**Task brief**
From the data below, please reproduce exactly everything from the line that contains "Fekete-fehér keresztpántos női ruha" down to the line that contains "2volvo V40 T5 Momentum R Design 180x120", with both ends included.

**Task material**
————
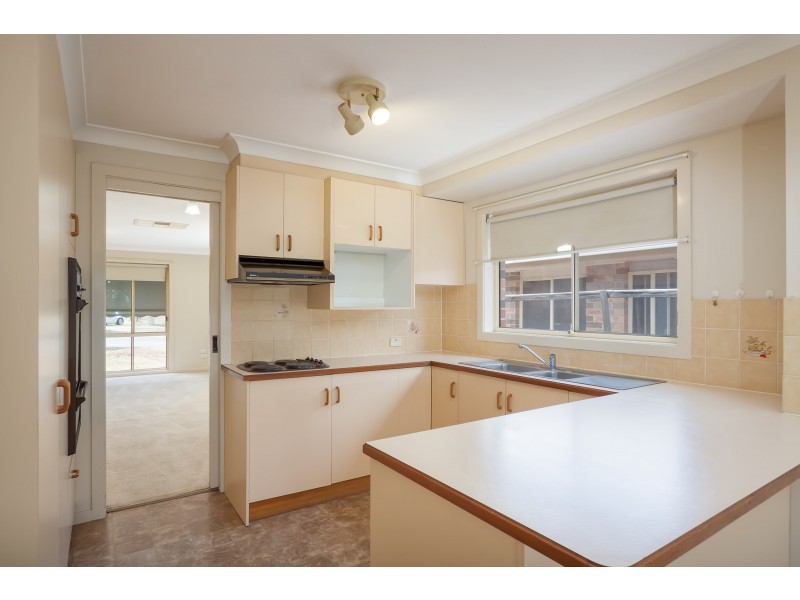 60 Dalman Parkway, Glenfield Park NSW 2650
————
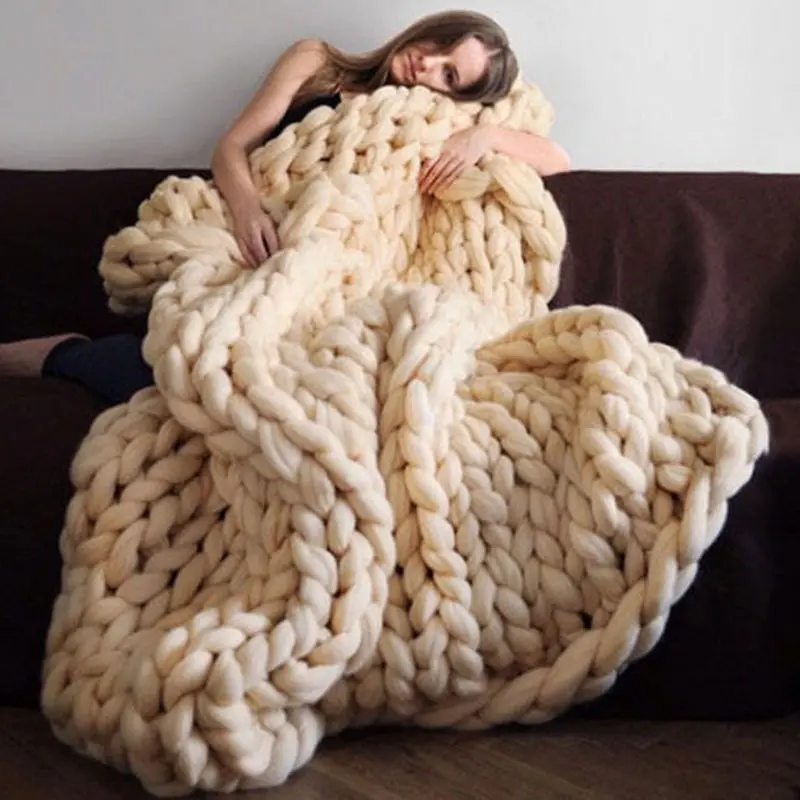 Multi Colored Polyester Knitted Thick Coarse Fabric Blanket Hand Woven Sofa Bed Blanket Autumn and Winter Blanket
————
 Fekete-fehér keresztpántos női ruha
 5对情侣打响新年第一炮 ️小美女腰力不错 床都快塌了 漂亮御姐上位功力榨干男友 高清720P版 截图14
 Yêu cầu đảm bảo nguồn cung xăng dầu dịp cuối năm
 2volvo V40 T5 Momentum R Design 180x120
————
**Response below**
 Fekete-fehér keresztpántos női ruha
 5对情侣打响新年第一炮 ️小美女腰力不错 床都快塌了 漂亮御姐上位功力榨干男友 高清720P版 截图14
 Yêu cầu đảm bảo nguồn cung xăng dầu dịp cuối năm
 2volvo V40 T5 Momentum R Design 180x120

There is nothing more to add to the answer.